» Directions:
All of the records below need to be copied exactly.

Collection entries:
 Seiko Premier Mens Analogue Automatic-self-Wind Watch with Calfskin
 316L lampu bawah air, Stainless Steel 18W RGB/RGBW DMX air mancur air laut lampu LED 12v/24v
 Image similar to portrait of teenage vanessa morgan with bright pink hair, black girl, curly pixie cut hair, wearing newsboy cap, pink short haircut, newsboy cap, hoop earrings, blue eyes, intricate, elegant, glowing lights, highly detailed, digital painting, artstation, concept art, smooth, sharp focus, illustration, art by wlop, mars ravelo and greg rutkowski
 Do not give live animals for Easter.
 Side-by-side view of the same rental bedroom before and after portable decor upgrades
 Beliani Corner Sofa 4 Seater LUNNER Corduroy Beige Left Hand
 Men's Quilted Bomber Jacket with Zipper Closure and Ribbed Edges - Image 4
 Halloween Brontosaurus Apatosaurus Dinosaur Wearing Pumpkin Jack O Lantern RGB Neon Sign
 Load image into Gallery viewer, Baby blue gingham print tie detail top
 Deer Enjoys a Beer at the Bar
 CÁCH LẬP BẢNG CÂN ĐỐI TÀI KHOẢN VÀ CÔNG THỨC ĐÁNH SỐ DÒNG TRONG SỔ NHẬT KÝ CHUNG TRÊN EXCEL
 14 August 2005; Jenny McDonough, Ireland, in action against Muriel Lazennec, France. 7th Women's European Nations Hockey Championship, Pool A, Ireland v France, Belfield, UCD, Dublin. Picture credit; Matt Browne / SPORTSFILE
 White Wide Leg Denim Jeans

» Expected answer:
 Seiko Premier Mens Analogue Automatic-self-Wind Watch with Calfskin
 316L lampu bawah air, Stainless Steel 18W RGB/RGBW DMX air mancur air laut lampu LED 12v/24v
 Image similar to portrait of teenage vanessa morgan with bright pink hair, black girl, curly pixie cut hair, wearing newsboy cap, pink short haircut, newsboy cap, hoop earrings, blue eyes, intricate, elegant, glowing lights, highly detailed, digital painting, artstation, concept art, smooth, sharp focus, illustration, art by wlop, mars ravelo and greg rutkowski
 Do not give live animals for Easter.
 Side-by-side view of the same rental bedroom before and after portable decor upgrades
 Beliani Corner Sofa 4 Seater LUNNER Corduroy Beige Left Hand
 Men's Quilted Bomber Jacket with Zipper Closure and Ribbed Edges - Image 4
 Halloween Brontosaurus Apatosaurus Dinosaur Wearing Pumpkin Jack O Lantern RGB Neon Sign
 Load image into Gallery viewer, Baby blue gingham print tie detail top
 Deer Enjoys a Beer at the Bar
 CÁCH LẬP BẢNG CÂN ĐỐI TÀI KHOẢN VÀ CÔNG THỨC ĐÁNH SỐ DÒNG TRONG SỔ NHẬT KÝ CHUNG TRÊN EXCEL
 14 August 2005; Jenny McDonough, Ireland, in action against Muriel Lazennec, France. 7th Women's European Nations Hockey Championship, Pool A, Ireland v France, Belfield, UCD, Dublin. Picture credit; Matt Browne / SPORTSFILE
 White Wide Leg Denim Jeans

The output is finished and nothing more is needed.